El puente de la Asunción es cuando más vacío se queda Madrid: los que están de vacaciones aún no han regresado y los que las comienzan ya han salido. Unos por otros, las calles vacías. Y yo, como soy un listo (por si alguien no lo sabe, hay una diferencia notable entre ser un listo y ser listo; de hecho, son casi antónimos) tuve ayer el siguiente razonamiento: Madrid está vacío y, si me voy a comprar a última hora, seguro que no hay ni Dios en el hipermercado y no tengo que esperar cola.

            Y no. Me acerqué al Carrefour (no soy hostil al pequeño comercio, pero ellos mismos parece que sí, puesto que todos cierran y se largan en agosto, de forma que no puedes comprar una mísera lata de atún en tienda) cerca de las nueve de la noche. Como es lógico, si quedamos cuatro en Madrid, allí nos habíamos juntado todos, a comprar. Un espanto. Tardé un cuarto de hora sólo en conseguir una mísera cesta. No quedaba pan (lo que me puso de un humor de mil demonios) ni ensaladas. Había muchos expositores casi vacíos. Olvídate de las ofertas, claro: ya volaron. Y encima tuve que guardar una buena cola.

            El caso es que regresaba a casa con las bolsas, no cabreado, sino de humor filosófico, que es uno que gasto cada vez más, cuando de repente vi, ahí adelante, destellos de luces de policía y revuelo de gente. ¿Qué había pasado? Que el viento que se levantó ayer, por alguna razón, había derribado un árbol sobre la acera. Uno muy grande; se había desplomado y causado daños a un automóvil aparcado. Por fortuna no alcanzó a nadie. Fue en la calle por la que voy de casa al centro comercial. Así que, en algún momento entre el ir y el venir fue cuando el árbol se vino abajo.

            La reflexión es la siguiente: De haber sido los tiempos, de no haber habido demoras, ¿me hubiera pillado ese desplome? ¿Debo la vida acaso a la codicia comercial, que siempre tiene a poner menos cestas de las necesarias, o tal vez a ese estúpido instinto gregario, que nos lleva a agolparnos a ciertas horas y en ciertos lugares, pese a tener toda una ciudad medio vacía para nosotros solos?

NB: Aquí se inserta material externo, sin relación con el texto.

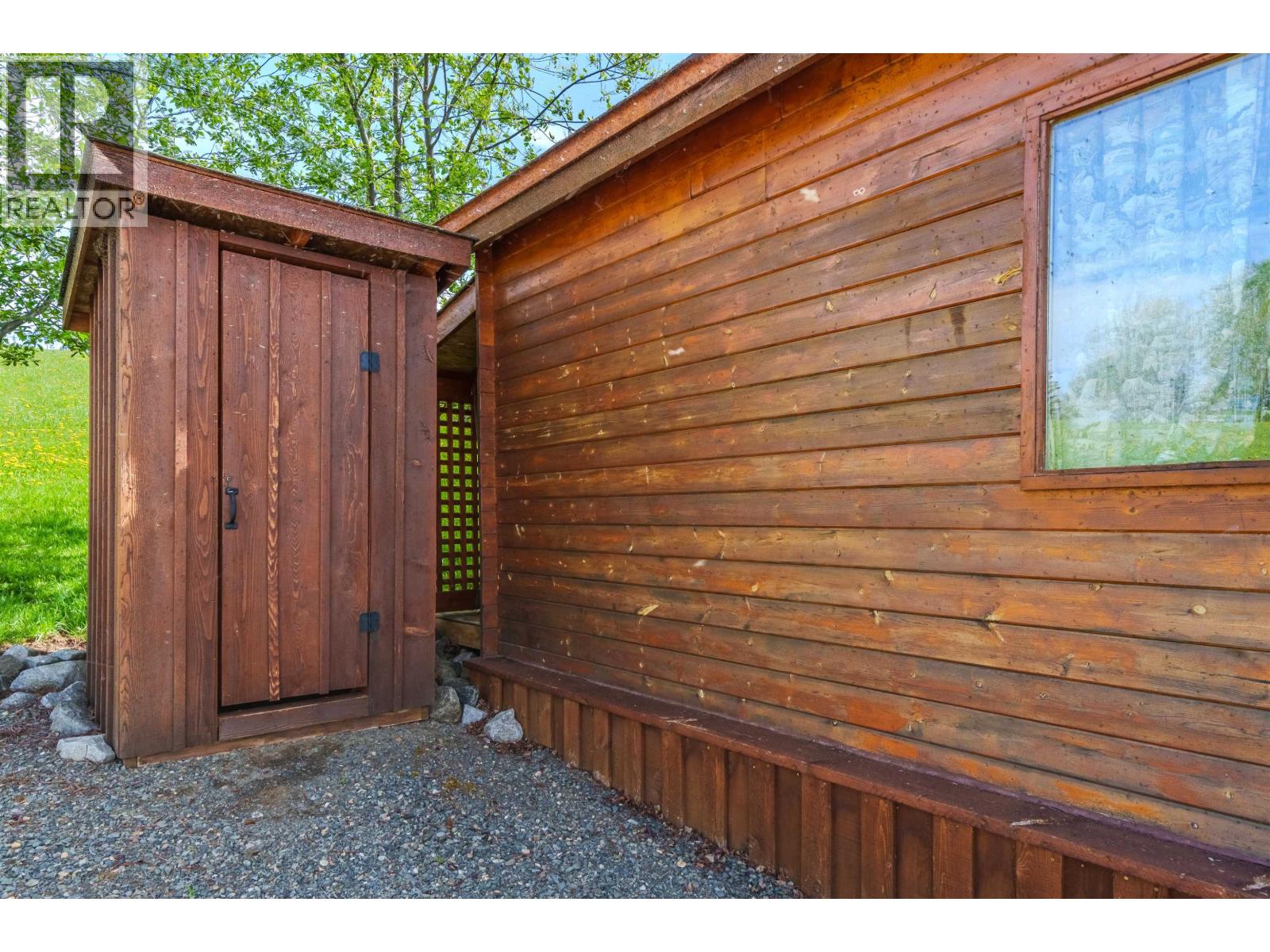7962 Thirty Field Road, Bridge Lake, British Columbia  V0K 1X2 - Photo 27 - R3123636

            No es un pensamiento demasiado agradable ese de que pueda deber la vida tal vez a eso. Pero tampoco lo es lo contrario. No me parece una forma muy digna de morir, esa de ir subiendo una cuesta, con un par de bolsas de la compra, y perecer aplastado por la caída de un castaño de indias de más de quince metros de alto y casi uno de diámetro. Sería lo que me faltaba, así que me quedo con la primera opción, aunque tampoco sea muy lucida.